• _Task input_:
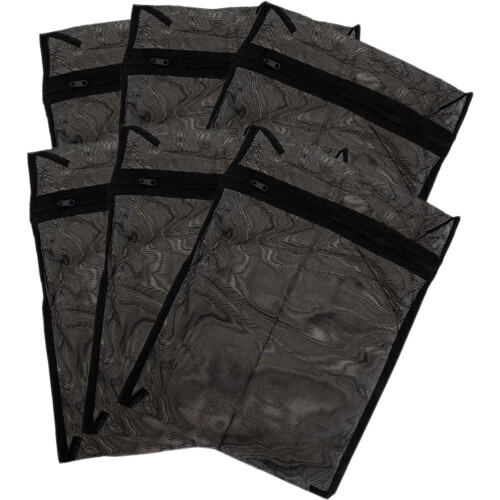 12Pz Sacchetti Neri in Rete Per Lingerie E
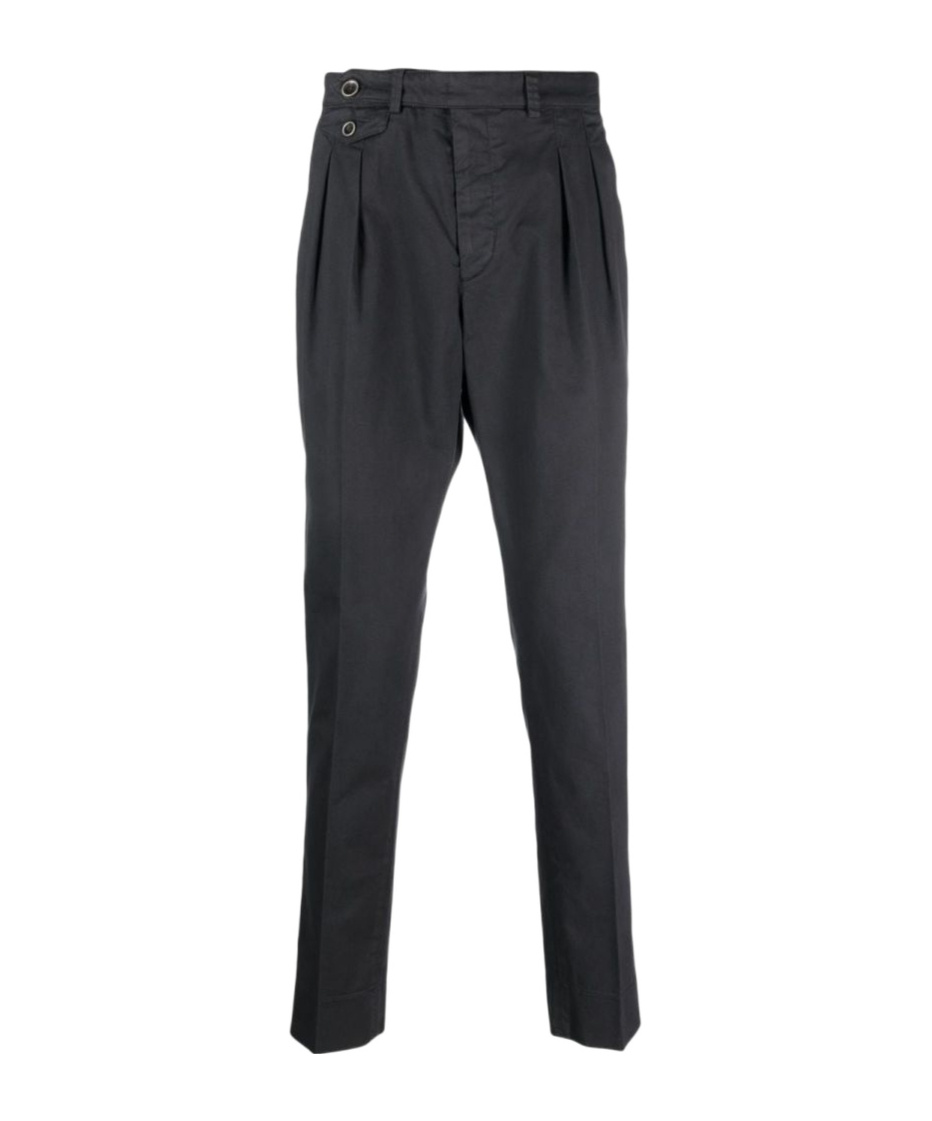 Peserico Pleat-detail Tapered Trousers In Blue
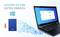 Een laptop toont een back-upprogramma. Tekst: 'Maak eenvoudig een back-up van uw gegevens'. Afgebeeld zijn USB-stick, externe harde schijf en pictogrammen.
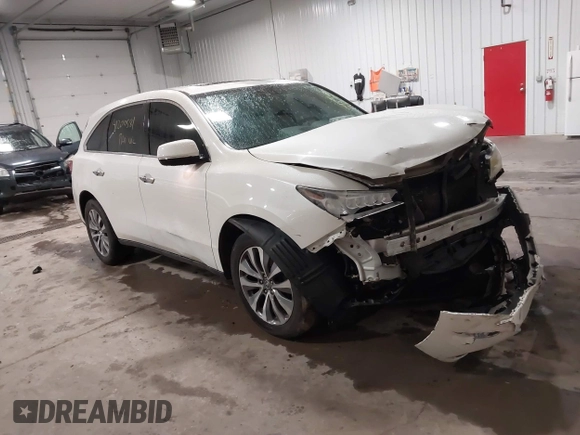 2015 Acura MDX Tech Pkg with VIN 5FRYD4H42FB006235, listed as a IAAI auction lot 41200581 with 159,681 mi miles. Bid and sale history available at carsss.com. Image 1.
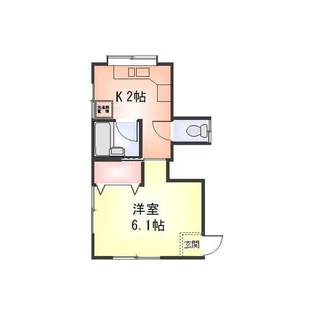 コーポハルク【2階】の間取り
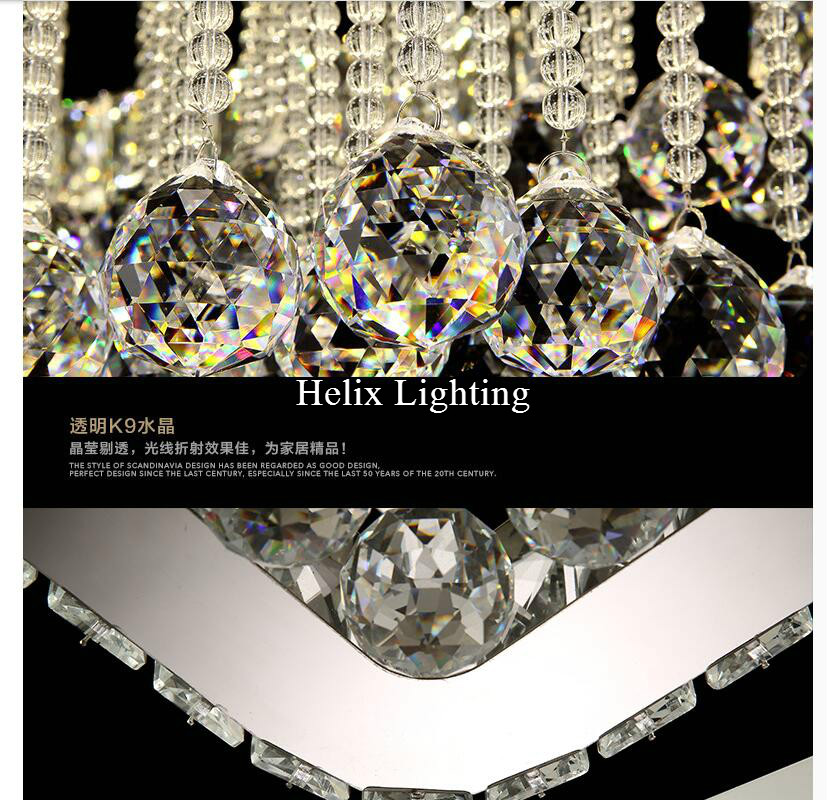 new arrival modern crystal led ceiling light fixture square crystal ceiling lamp for hallway corridor ready stock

• _Instructions to follow_: With the pictures excluded, restate the material exactly as it stands.

• _Response to the exercise_:
 12Pz Sacchetti Neri in Rete Per Lingerie E
 Peserico Pleat-detail Tapered Trousers In Blue
 Een laptop toont een back-upprogramma. Tekst: 'Maak eenvoudig een back-up van uw gegevens'. Afgebeeld zijn USB-stick, externe harde schijf en pictogrammen.
 2015 Acura MDX Tech Pkg with VIN 5FRYD4H42FB006235, listed as a IAAI auction lot 41200581 with 159,681 mi miles. Bid and sale history available at carsss.com. Image 1.
 コーポハルク【2階】の間取り
 new arrival modern crystal led ceiling light fixture square crystal ceiling lamp for hallway corridor ready stock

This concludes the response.